De um lado quem defende a PEC argumenta que a SPU é lenta, que tem poucos técnicos, que o laudêmio deveria acabar, que os Estados e Municípios teriam mais condições de tratar da questão; do outro lado, argumenta-se perdas ambientais, privatização de praias, um inferno vem por aí.
Ora. Mas como a SPU informa tem quase 600 mil Terrenos de Marinha nas mãos de particulares, e somente agora nos demos conta que, se municipalizar, haverá privatização? Ora, essas terras já não estão “privatizadas em seu uso”? Escutei senadores da oposição contrários dizendo que se acabar com o laudêmio, etc, ou seja, com a tributação, o tema fica mais calmo.
O que a União federal quer com um patrimônio de TM na Avenida Beira Mar de Florianópolis que há 70 anos está com um prédio em cima e que os moradores donos, pagam os tributos?
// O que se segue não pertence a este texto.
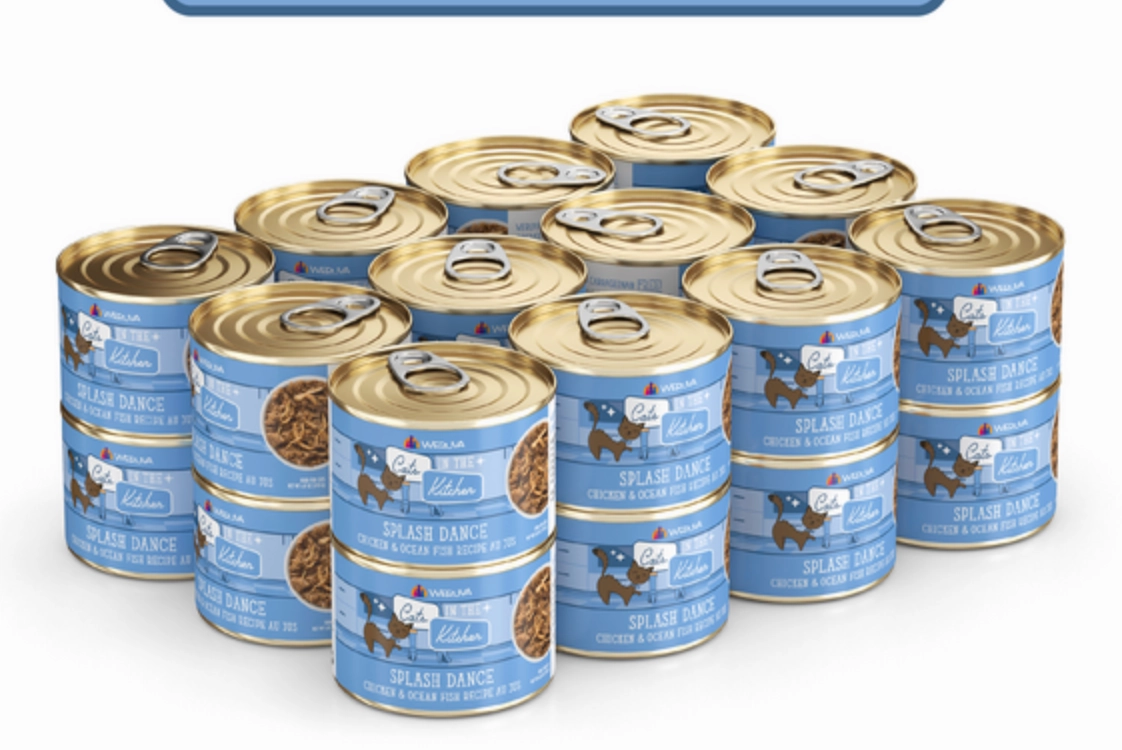Weruva Cats in the Kitchen Splash Dance Chicken & Ocean Fish Au Jus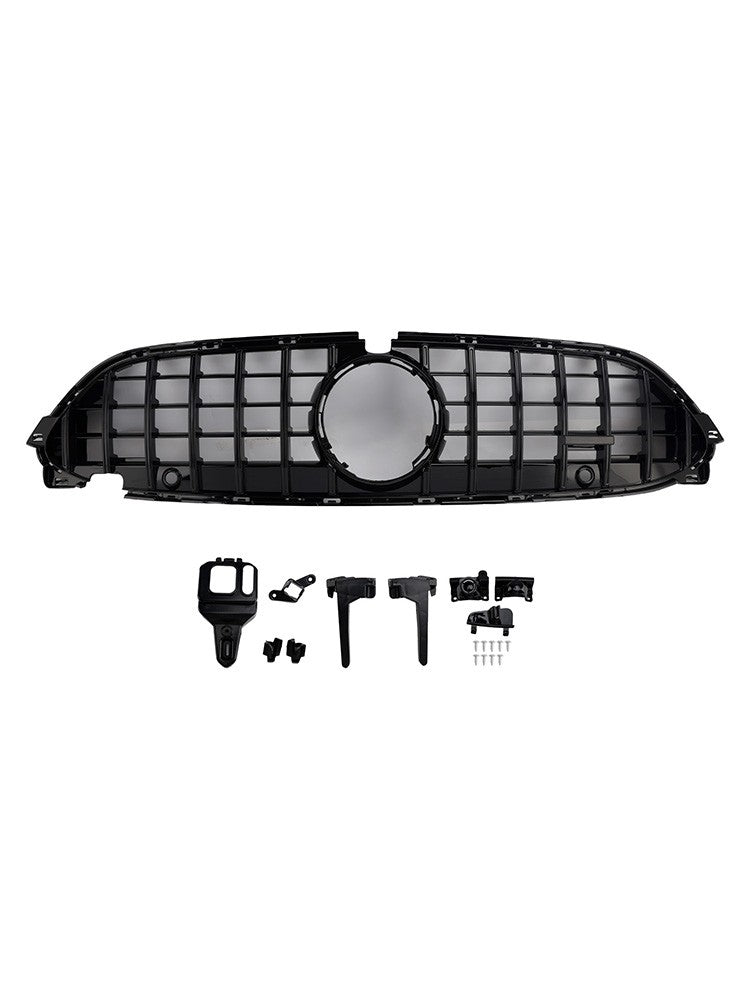 Front Bumper Grille Grill Fit Mercedes-Benz CLE-Class W236 C236 2024~2026 Black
Vai pedir para demolir? Sejamos sensatos né. Laudêmio, esse imposto imperial, é um desacato tributário e todas as taxas de aforamento etc.
Portanto, a primeira sacada é retirar os tributos. A segunda é elaborar um grande levantamento geoprocessado (que aí sim, os municípios e os Estados realizariam) visando conhecer tudo na palma da mão. Depois disso tudo, uma análise dos municípios identificando aqueles TM que seu uso está em desacordo com todas as normas legais e esses, teriam, a cessão suspensa e passariam para os municípios e somente nesses casos. E sendo assim, a gente distensiona tudo.
Conversar é a melhor saída. Estudar também. E propor saídas no texto da PEC 02/2022. Dialogando sempre e ouvindo todas as partes.
Ângelo Marcos Arruda é arquiteto e urbanista.